▶ _Task description_
Only the lines from the one containing "大瓶装超值整箱装柠檬味茶饮料" through the end of the data below should be copied, each exactly as written and with both ends kept.

BEGIN Given information

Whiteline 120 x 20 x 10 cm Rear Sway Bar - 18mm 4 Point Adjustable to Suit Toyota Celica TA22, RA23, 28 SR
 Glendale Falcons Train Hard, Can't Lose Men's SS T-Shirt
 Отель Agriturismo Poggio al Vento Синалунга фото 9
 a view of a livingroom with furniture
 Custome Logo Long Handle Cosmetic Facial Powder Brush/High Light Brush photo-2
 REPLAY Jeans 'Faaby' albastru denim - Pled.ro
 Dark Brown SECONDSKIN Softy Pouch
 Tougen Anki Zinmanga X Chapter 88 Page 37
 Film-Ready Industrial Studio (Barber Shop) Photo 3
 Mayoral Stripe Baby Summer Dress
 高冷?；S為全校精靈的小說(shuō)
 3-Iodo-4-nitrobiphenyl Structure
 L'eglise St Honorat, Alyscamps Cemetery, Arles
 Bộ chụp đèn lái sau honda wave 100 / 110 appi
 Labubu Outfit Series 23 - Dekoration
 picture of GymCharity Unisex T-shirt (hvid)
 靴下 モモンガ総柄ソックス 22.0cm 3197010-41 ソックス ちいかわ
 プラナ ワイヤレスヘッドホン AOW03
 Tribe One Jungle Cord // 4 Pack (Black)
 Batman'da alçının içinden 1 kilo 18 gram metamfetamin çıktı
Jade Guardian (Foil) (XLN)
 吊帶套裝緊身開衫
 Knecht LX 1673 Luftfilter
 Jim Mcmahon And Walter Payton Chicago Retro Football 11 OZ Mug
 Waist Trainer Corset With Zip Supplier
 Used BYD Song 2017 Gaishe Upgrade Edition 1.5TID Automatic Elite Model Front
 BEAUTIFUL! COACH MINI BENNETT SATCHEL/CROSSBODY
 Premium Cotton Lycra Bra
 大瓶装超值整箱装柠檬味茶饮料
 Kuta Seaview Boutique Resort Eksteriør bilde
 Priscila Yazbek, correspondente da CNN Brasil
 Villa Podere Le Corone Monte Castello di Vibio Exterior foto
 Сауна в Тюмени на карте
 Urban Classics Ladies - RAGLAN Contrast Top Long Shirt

END Given information

▶ _Result of this task_
 大瓶装超值整箱装柠檬味茶饮料
 Kuta Seaview Boutique Resort Eksteriør bilde
 Priscila Yazbek, correspondente da CNN Brasil
 Villa Podere Le Corone Monte Castello di Vibio Exterior foto
 Сауна в Тюмени на карте
 Urban Classics Ladies - RAGLAN Contrast Top Long Shirt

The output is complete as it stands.